Gasoline prices are treading water so far, and face seasonal headwinds with just a couple of weeks left in the driving system and the fall RVP blend down looming. The September RBOB contract was testing support at the trend-line that helped push prices up more than 50 cents/gallon since July 4th this morning and managed to bounce 4 cents off of those lows. If that trend line breaks, there’s a good chance we’ll see a 20-cent slide before month end, when we’ll see another 20+ cent drop as the October futures take over the prompt position.
The API reported a draw in crude oil inventories of 6 million barrels last week, while refined products saw small changes of less than 1 million barrels each on the week. The draw in crude is consistent with an expected recovery in oil exports after a big drop last week believed to be just timing issues on cargo loading rather than a shift in international demand, which has remained strong this year. The DOE/EIA’s weekly report is due out at its normal time this morning.
Are you wondering why diesel prices in Chicago are trading 15-20 cents below neighboring markets? The EIA has an answer for you, highlighting the rapid rise in Midwestern inventories this summer as refineries raised production without having the export options of their coastal counterparts.
The tropics are heating up. The NHC is now tracking 3 potential storm systems in the Atlantic basin. The first two over the eastern Atlantic have increased their odds of development over the past 24 hours and are now given 40-50% probability to be named in the coming week.
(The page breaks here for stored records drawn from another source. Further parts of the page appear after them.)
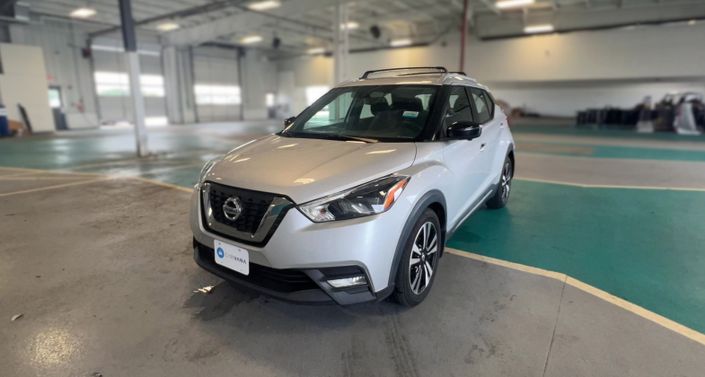 Thumbnail: 2018 Nissan Kicks - 1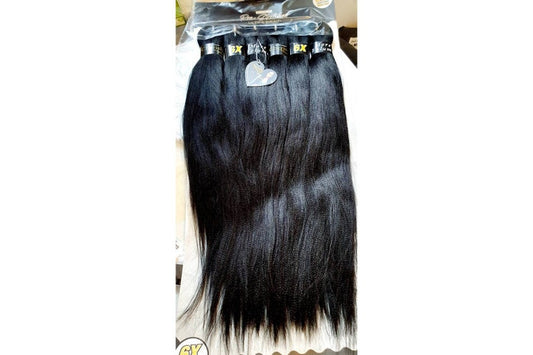 Cherish Pre Stretched 6x Mega Pack Braiding Hair Extensions 46"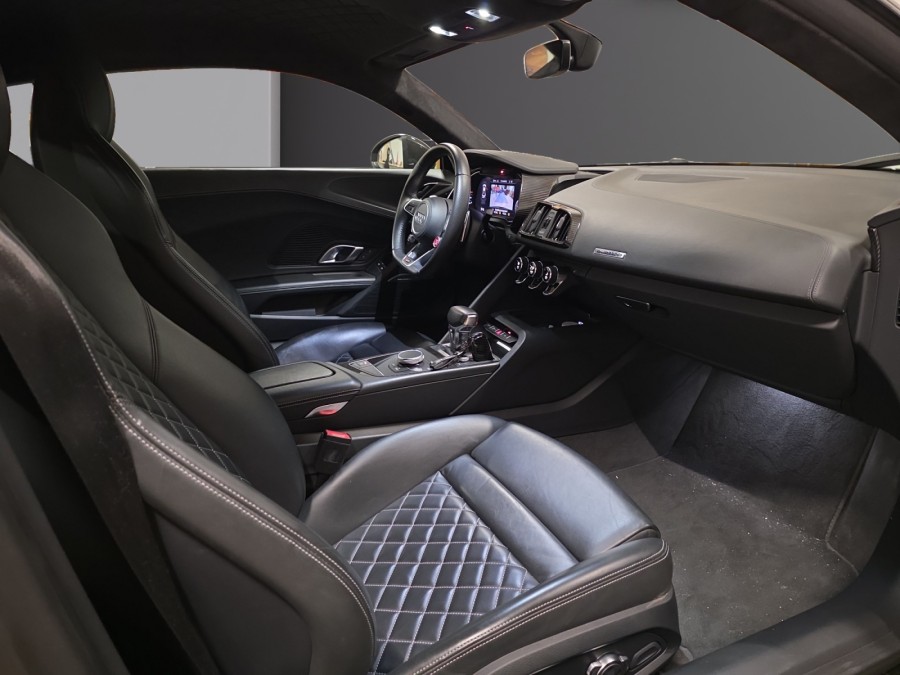 AUDI d'occasion R8 V10 620 PERFORMANCE QUATTRO S TRONIC PH2 de 2019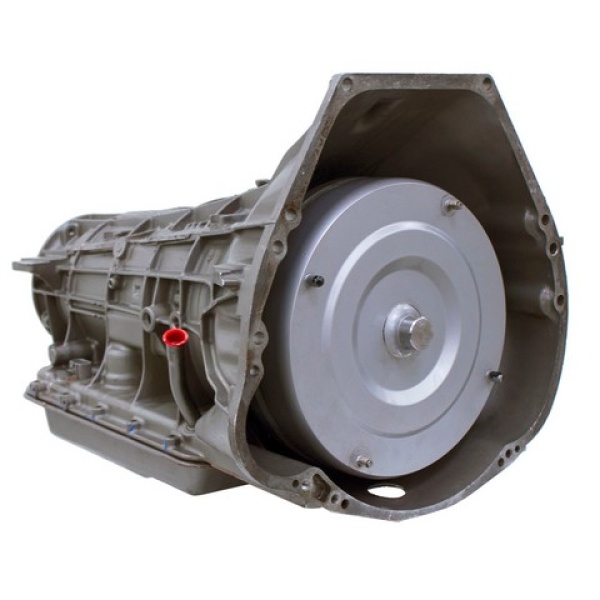 Ford E4OD Remanufactured 4-Speed Automatic Transmission - RWD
The good news is both look like they should be moving far enough north to minimize a threat to the US. The third system is given 20% odds of developing in the Western Gulf of Mexico this week, near the heart of refinery row. You know it’s been a hot summer when the first thought about a potential tropical storm system hitting your state is “oh good, maybe that will cool things down”.
What’s in a name? Later today the White House is going to hold a press conference to mark the 1-year anniversary of the “inflation production reduction act” that is handing out billions of dollars in tax credits to promote more spending on electric vehicles and other projects to try and promote cleaner energy options. Big Oil companies have been some of the largest beneficiaries of the act, as they were the only businesses with “shovel ready” projects in the carbon capture and sequestration space, in addition to those retooling refineries to produce renewables. When asked about the confusing name of the spending bill last week the President said, "I wish I hadn’t called it that because it has less to do with reducing inflation than it has to do with providing alternatives that generate economic growth,"
HF Sinclair announced it was buying out the remaining shares in its midstream spin-off Holly Energy Partners, the latest MLP to disappear thanks to the higher interest rate environment that makes those investment vehicles less attractive than they were during the days of free money.